#### THE PROBLEM
Copy exactly the lines of the records below, and only those lines, beginning with the line that contains "WA350-3-X S/N 60001-62999 Partsbook" and ending with the line that contains "Plus Size Casual".

#### TASK INPUT
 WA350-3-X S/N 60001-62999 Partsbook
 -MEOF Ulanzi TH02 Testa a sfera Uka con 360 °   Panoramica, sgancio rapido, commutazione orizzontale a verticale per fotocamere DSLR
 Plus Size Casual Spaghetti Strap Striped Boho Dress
--
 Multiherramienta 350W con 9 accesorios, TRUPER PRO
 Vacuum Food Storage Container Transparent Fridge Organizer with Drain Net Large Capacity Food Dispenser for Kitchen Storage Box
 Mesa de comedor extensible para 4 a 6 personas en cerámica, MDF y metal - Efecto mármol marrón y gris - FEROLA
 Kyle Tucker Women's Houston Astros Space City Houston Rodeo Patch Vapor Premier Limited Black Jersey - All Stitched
--
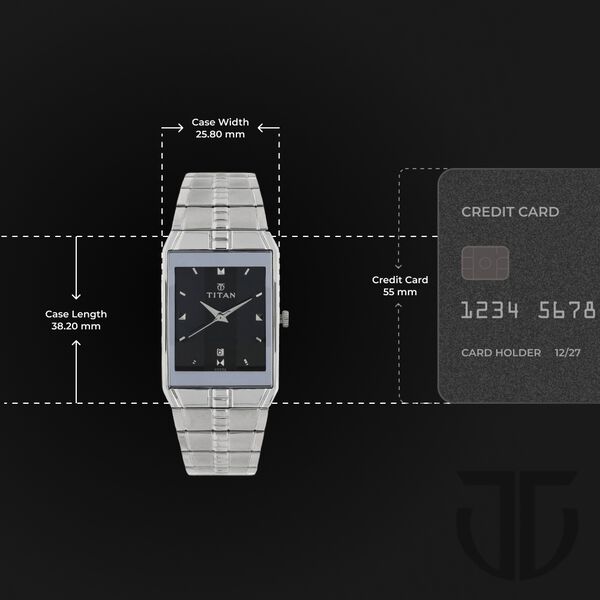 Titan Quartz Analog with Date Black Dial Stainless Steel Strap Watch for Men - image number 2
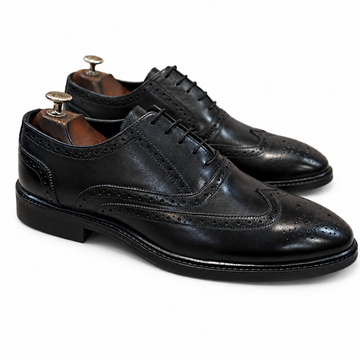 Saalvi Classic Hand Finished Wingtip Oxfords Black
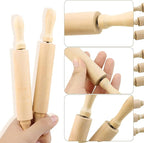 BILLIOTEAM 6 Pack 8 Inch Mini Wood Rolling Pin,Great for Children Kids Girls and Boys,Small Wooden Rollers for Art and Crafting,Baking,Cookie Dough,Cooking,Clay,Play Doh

#### SOLUTION FOR THIS TASK
 WA350-3-X S/N 60001-62999 Partsbook
 -MEOF Ulanzi TH02 Testa a sfera Uka con 360 °   Panoramica, sgancio rapido, commutazione orizzontale a verticale per fotocamere DSLR
 Plus Size Casual Spaghetti Strap Striped Boho Dress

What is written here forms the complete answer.